PUTTING aside any notion of wish-washy romanticism, Renaud Capucon revealed a highly passionate affection for Bruch’s evergreen Violin Concerto No 1.

From the outset this was marked as a deeply committed performance, lavishly supported by the BSO under Kirill Karabits, where Capucon’s energy and resourcefulness attained a stormy lyricism.

A beautiful entry to the Adagio captured an innocently romantic quality through to the fervent orchestral climax and beyond.

The finale, bold, unfettered and delivered with boundless virtuosity, was pure joie-de-vivre.

The 50th anniversary of Martinu’s death was marked by a performance of The Frescoes of Piero della Francesca.

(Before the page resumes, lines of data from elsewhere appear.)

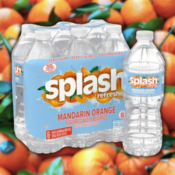 Amazon Prime Day: Save BIG on Flavored Water, Shipped Free - Splash 6-Pack...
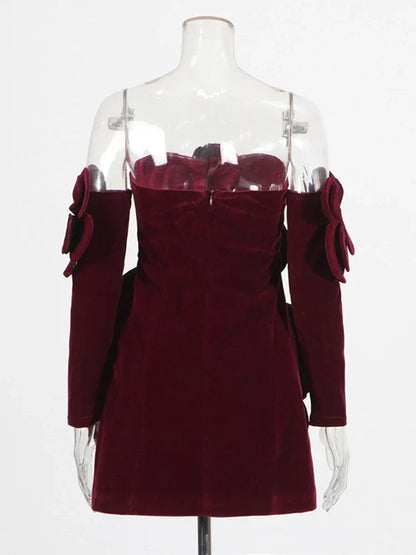 Vestido Gótico Marta Mini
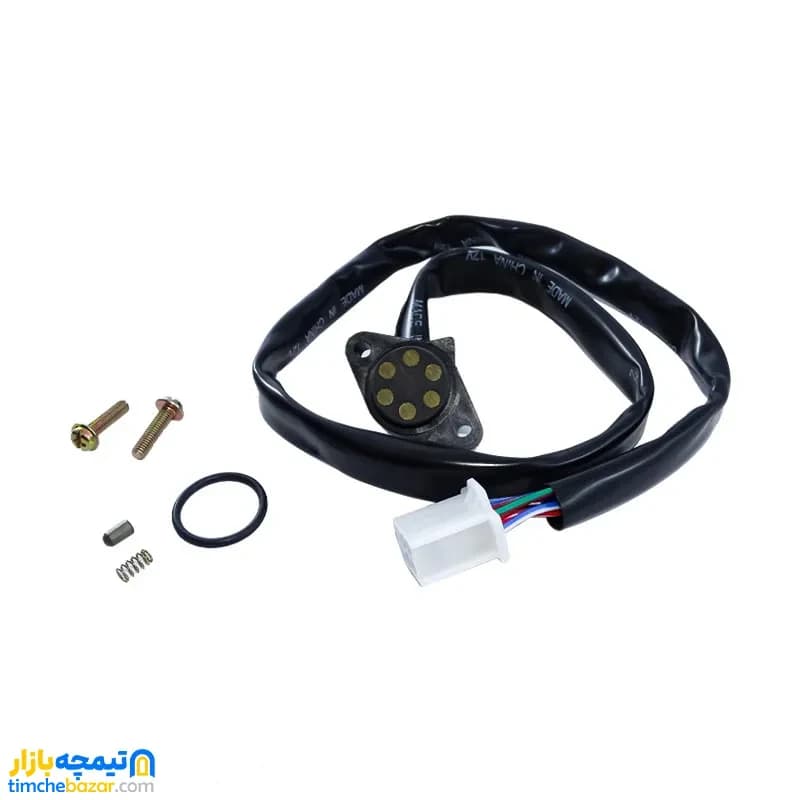 ذغال دنده شمار موتور سیکلت ماکسیم MAXIM مدل 5 دنده دو پیچ — تصویر ۲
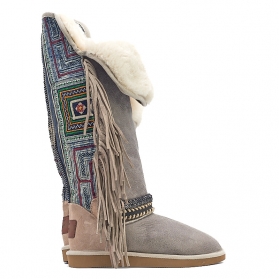ICE COLOR INUIT BOOTS - SIZE 37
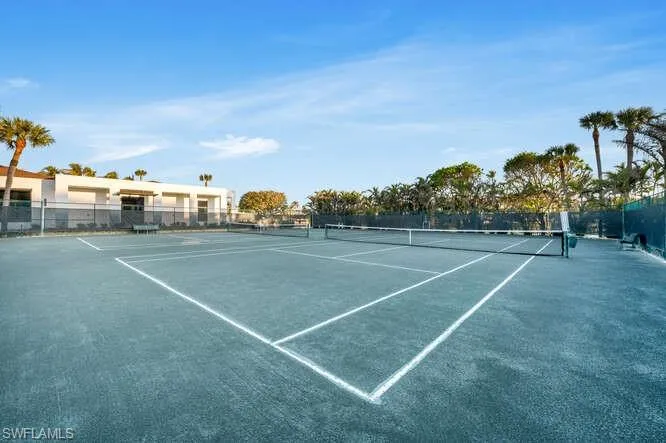Clay Tennis Courts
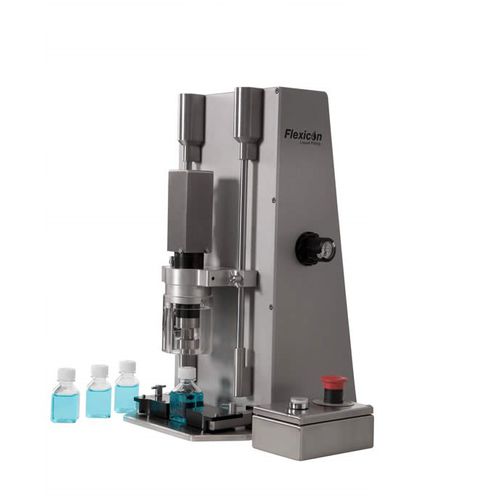 Boucheuse visseuse à pression - FCE50L - Watson-Marlow Fluid Technology Group - semi-automatique / pour bouteilles / de bidons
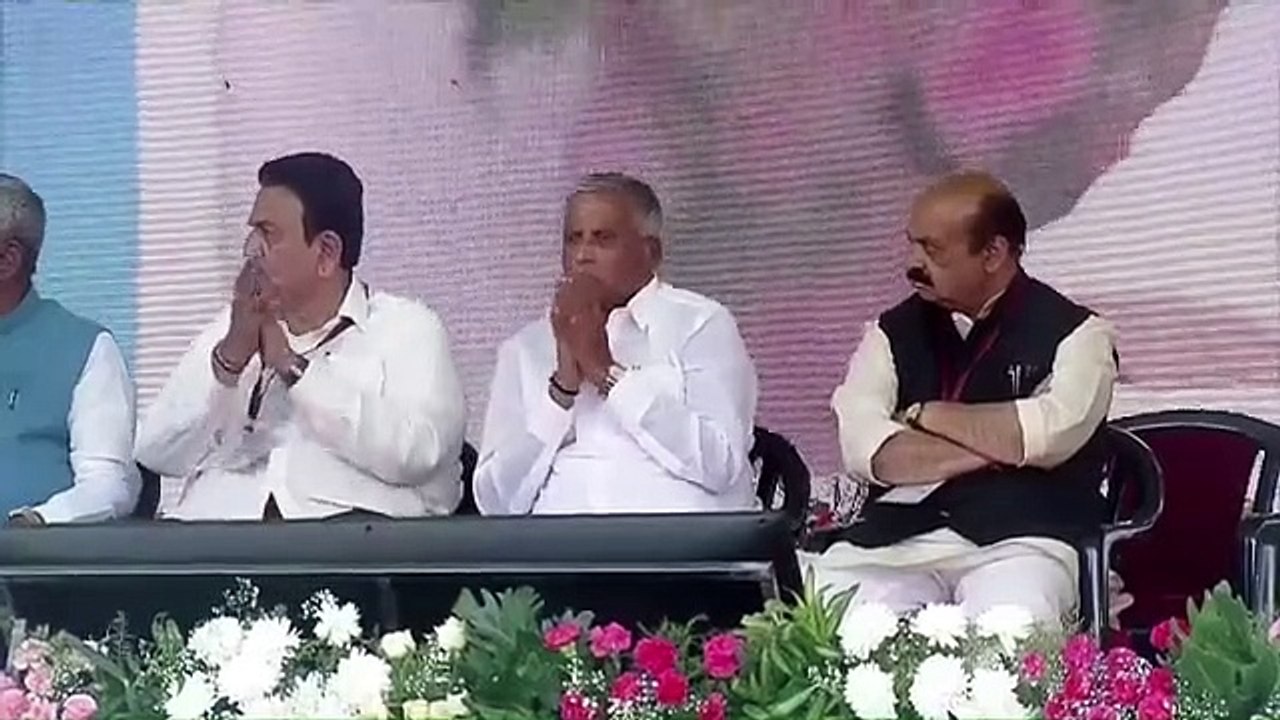 प्रधानमंत्री नरेन्द्र मोदी ने शिवमोग्गा में किय...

This stunningly powerful, profoundly searching perception is rhythmically demanding in which the strings are given their head.

Karabits’ direction centred upon the more astringent sonorities, the rippling Adagio and sheer forcefulness of the finale.

Taking the first movement of Sibelius’ Symphony No 2 at a sparkling pace and with a keen ear for orchestral timbre, Karabits seemed to be on course for a winner.

The pregnant pauses running through the second movement held an ominous drama with Karabits working on the score’s dynamics to devastating, if disturbing, effect.

By the third it all began to appear rather self-consciously engineered; leaning on significant phrases and sounds.

The BSO nevertheless played his tune magnificently.